Monday, 20 February 2017

Homage to Catalonia, George Orwell

I'm familiar with Orwell and think 1984 is brilliant, but I always get the feeling I wouldn't have liked Orwell himself and so wasn't sure whether I would like Homage to Catalonia. I am living in Spain at the moment though and wanted to know more about the Spanish Civil War.  I came away with a reasonable picture of the infighting between the unions, communists and anarchists at the time.

The book recounts Orwell's time on the front line in the Spanish Civil War, for the most part around Huesca. Orwell was in Spain for around 8 months and saw two rounds of service.

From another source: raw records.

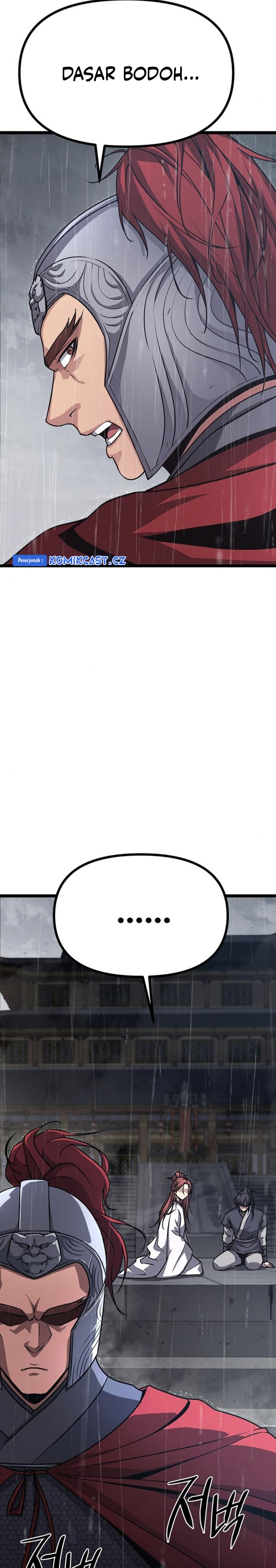 Song Baek Chapter 11 Halaman 17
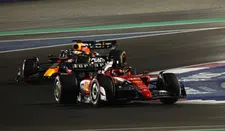 Thumbnail for article: Setback for Leclerc: Ferrari driver loses points after penalty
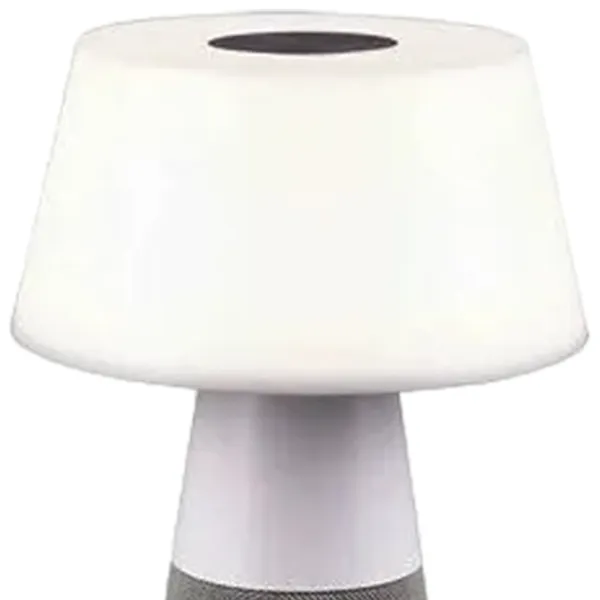 Lampă de masă Trio R52041101 White photo 2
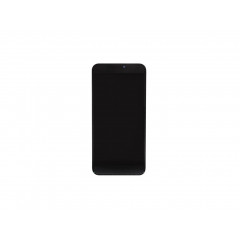 iPhone 11 Pro Max LCD Displej + Dotyková Doska čierny H03i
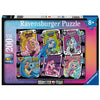 Puzzle Ravensburger - Monster High. 200 piezas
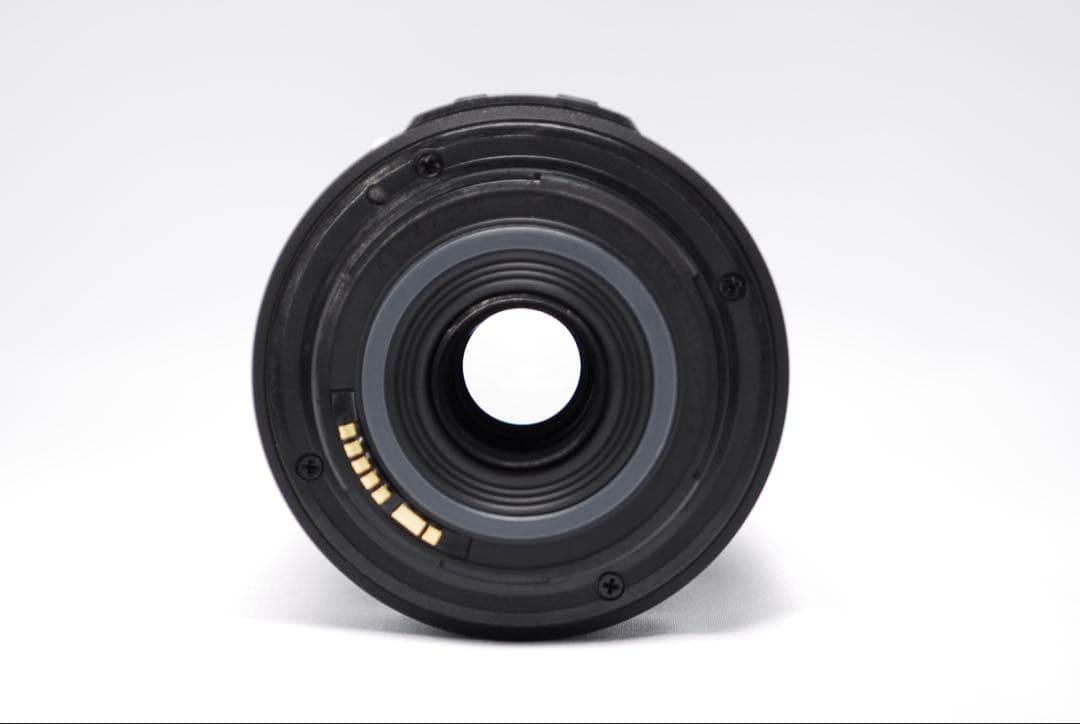 ✨Canon EF-S 55-250mm IS✨望遠レンズ✨運動会・発表会に★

He was invalided out of the army owing to a bullet wound to the neck and had to leave Spain in a hurry as the POUM, who he was fighting for, was named illegal by the Government (who were on the same side 'against fascism').



Overwhelmingly the feeling in the book is one of disorganisation, boredom, confusion and futility. He talks a lot about politics and socialism but doesn't match the ideas with reality. Throughout the book I was wondering what on earth he was doing there, essentially doing nothing much but being cold and hungry for months at a time.

There are no characters other than Orwell himself, he references others by name but never introduces the reader to them, we don't know or care about anyone else. We don't even know the name of the woman he calls 'my wife' or know what she is doing besides living in a hotel in Barcelona, patiently waiting for him to come back from the front. This all contributes to the thin feeling of Homage to Catalonia. It's hard to care about the extras in a film suffering and dying, it's much easier to care about the protagonists. Orwell doesn't bring the war down to a human level.

On the back cover of the book there is a quote from Antony Beevor 'An unrivalled picture of the rumours, suspicions and treachery of civil war'. The blurb says Orwell writes with 'bitter intensity'. I don't think I read the same book.